Communication needs to be improved, with greater information circulated throughout the entire organization. For example, the focus group identified the need to explain the analytic process leading to the selection of target areas as a means to generate increased understanding of and support for the project. Roll call and in-service training sessions, along with the departmental newsletter, also are being used to provide information, and Chief James W. Johnson participated in a discussion of the DDACTS model on the county’s cable television network, a segment of which was posted on the BCOPD YouTube page.1

The collection of survey data needs to be improved to promote more precise planning and improve future outcomes. The addition of automated speed data collection should minimize this problem and permit a more focused approach to areas with documented problems.
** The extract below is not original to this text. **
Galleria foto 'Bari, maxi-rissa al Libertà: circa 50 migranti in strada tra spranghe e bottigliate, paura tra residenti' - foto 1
Automated field reporting, an ongoing project, will increase the availability of timely crash data and will allow the electronic completion of most traffic enforcement paperwork (such as citations, warnings, and so on).

Transition to DDACTS

Shortly after the implementation of the Crash-Crime Project, NHTSA invited the department to participate as a demonstration site in the DDACTS program. Chief Johnson accepted the invitation. The DDACTS concept has been added to the department’s strategic plan, making it a primary method of operational deployment by 2010.
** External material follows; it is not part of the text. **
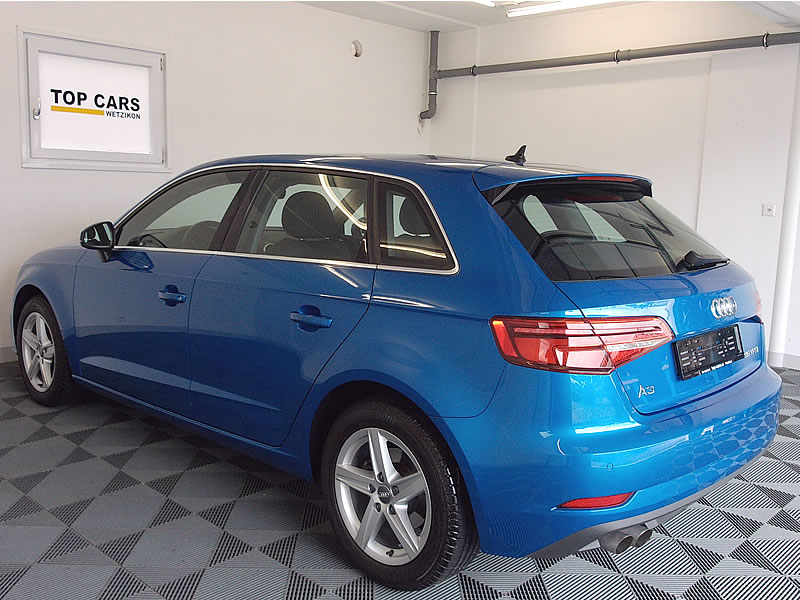 AUDI A3 Sportback 35 TFSI Sport S-tronic-showroom-element-1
To prepare for 2009, the Crime Analysis Section undertook an in-depth analysis to identify geographic areas that are experiencing significant levels of both crashes and crime, as opposed to just roadways. The incidents examined included personal injury crashes, robbery, burglary, auto theft, and theft from auto. In addition to the methods used in 2008, analysts used the kernal density method, a way of measuring the density of incidents, and a geographic information system to develop hot spot polygons. Maps depicting overlapping high crime and crash areas (see figure 2) were provided to the precinct commanders for final selection. As the target areas were selected, more detailed data tables were produced showing Part I and II crimes, calls for service, and crash activity for the past two years.
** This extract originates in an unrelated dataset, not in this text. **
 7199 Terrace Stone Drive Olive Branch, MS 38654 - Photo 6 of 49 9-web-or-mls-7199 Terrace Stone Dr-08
FIGURE 2: Map showing hot spot polygons in
one area of Baltimore County

Each precinct has been tasked with the responsibility of creating specific objectives for the specific problems identified in the target areas as well as action plans that use self-initiated traffic enforcement activity as a primary strategy but also include other resources and partnerships from within and outside of the department. For instance, school resource officers may target young drivers with educational efforts, and a partnership with the Division of Parole and Probation is being developed to identify criminal offenders under supervision within target areas.


The BCOPD believes that the DDACTS approach provides a mechanism to deploy limited resources into areas that have shown long-term traffic- and crime-related problems. The initial results from 2008 demonstrate that patrol time can be dedicated effectively to identified hot spots and that increased levels of traffic enforcement can be used to combat problems. This is an example of enforcing traffic law the right way—targeting specific areas for specific reasons. Efforts are under way to improve the availability of timely crash data and to automate traffic enforcement paperwork. These efforts should further the ability of commanders, supervisors, and line personnel to deploy limited enforcement resources effectively while making a positive impact on multiple public safety problems.

DDACTS can be applied in small as well as large agencies. The number of incidents and the amount of activity needed to effect change is very much related to geography and population. Although the BCOPD has targeted multiple areas and deployed substantial resources, this program can be scaled to fit jurisdictions of any size. For instance, a smaller agency could target a single area using the same deployment strategies and could even supplement its efforts by enlisting the support of county or state agencies or seeking traffic enforcement funding through grant opportunities. The ultimate goal is to make the best use of available resources to combat identified public safety problems within any town, city, county, or state. ■


1“Data Driven Policing,” YouTube, (accessed May 19, 2009).